2003-07-10 Thread Bjoern A. Zeeb
On Thu, 10 Jul 2003, Pawel Jakub Dawidek wrote:

> On Wed, Jul 09, 2003 at 11:28:45PM +0200, Poul-Henning Kamp wrote:
> +> >there are floating around some patches for jails. At least
> +> >- multi-IP
> +> >- statfs restrictions
> +> >- sysv
> +> >come to my mind and there are perhaps others too.
>
> It looks like all of those are mine:
>
>   http://garage.freebsd.pl

yeah I know. At least most. I also have a statfs restriction patch for
5.x (compileable as module starting with ~5.1). It's mostly the same
as yours but some more sysctl options etc.

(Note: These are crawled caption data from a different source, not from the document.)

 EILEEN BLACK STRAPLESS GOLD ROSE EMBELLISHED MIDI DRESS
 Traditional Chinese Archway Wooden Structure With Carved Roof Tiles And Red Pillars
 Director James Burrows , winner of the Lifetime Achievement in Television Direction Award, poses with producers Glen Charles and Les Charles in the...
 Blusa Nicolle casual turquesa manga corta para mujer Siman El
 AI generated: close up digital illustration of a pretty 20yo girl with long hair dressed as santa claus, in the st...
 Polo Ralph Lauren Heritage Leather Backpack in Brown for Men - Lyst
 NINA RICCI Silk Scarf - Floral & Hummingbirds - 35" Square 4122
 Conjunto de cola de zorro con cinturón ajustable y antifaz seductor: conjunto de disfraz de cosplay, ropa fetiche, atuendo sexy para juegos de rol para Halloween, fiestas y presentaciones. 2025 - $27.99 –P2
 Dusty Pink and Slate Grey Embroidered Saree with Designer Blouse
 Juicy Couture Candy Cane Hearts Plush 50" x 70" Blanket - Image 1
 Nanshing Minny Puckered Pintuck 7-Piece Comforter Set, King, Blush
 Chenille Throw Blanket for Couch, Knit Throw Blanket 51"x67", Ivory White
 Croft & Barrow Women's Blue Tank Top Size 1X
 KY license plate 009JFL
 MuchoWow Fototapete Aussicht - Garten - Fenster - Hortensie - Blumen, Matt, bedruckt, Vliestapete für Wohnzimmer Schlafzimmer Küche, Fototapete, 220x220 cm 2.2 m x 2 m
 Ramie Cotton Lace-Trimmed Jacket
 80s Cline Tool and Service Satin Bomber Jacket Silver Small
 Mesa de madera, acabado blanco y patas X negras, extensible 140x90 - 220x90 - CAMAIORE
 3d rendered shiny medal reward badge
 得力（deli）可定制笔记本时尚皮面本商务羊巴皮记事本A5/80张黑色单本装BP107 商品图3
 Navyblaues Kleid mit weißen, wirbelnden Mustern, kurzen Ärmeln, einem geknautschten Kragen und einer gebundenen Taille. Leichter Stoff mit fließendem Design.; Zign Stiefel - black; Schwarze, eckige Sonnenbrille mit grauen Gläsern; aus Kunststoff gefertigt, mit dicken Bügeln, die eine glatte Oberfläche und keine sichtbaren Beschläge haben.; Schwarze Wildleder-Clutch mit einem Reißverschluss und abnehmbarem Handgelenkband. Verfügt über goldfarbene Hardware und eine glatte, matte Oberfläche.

see http://sources.zabbadoz.net/freebsd/jail.html or kern/49085.


> And there are few more. My favorite one is multi-level jails - you can

Yes some other are still floating around I guess.


> Exactly. And my patches are in desynch with current source, because it
> is hard to maintain them when they aren't intergrated...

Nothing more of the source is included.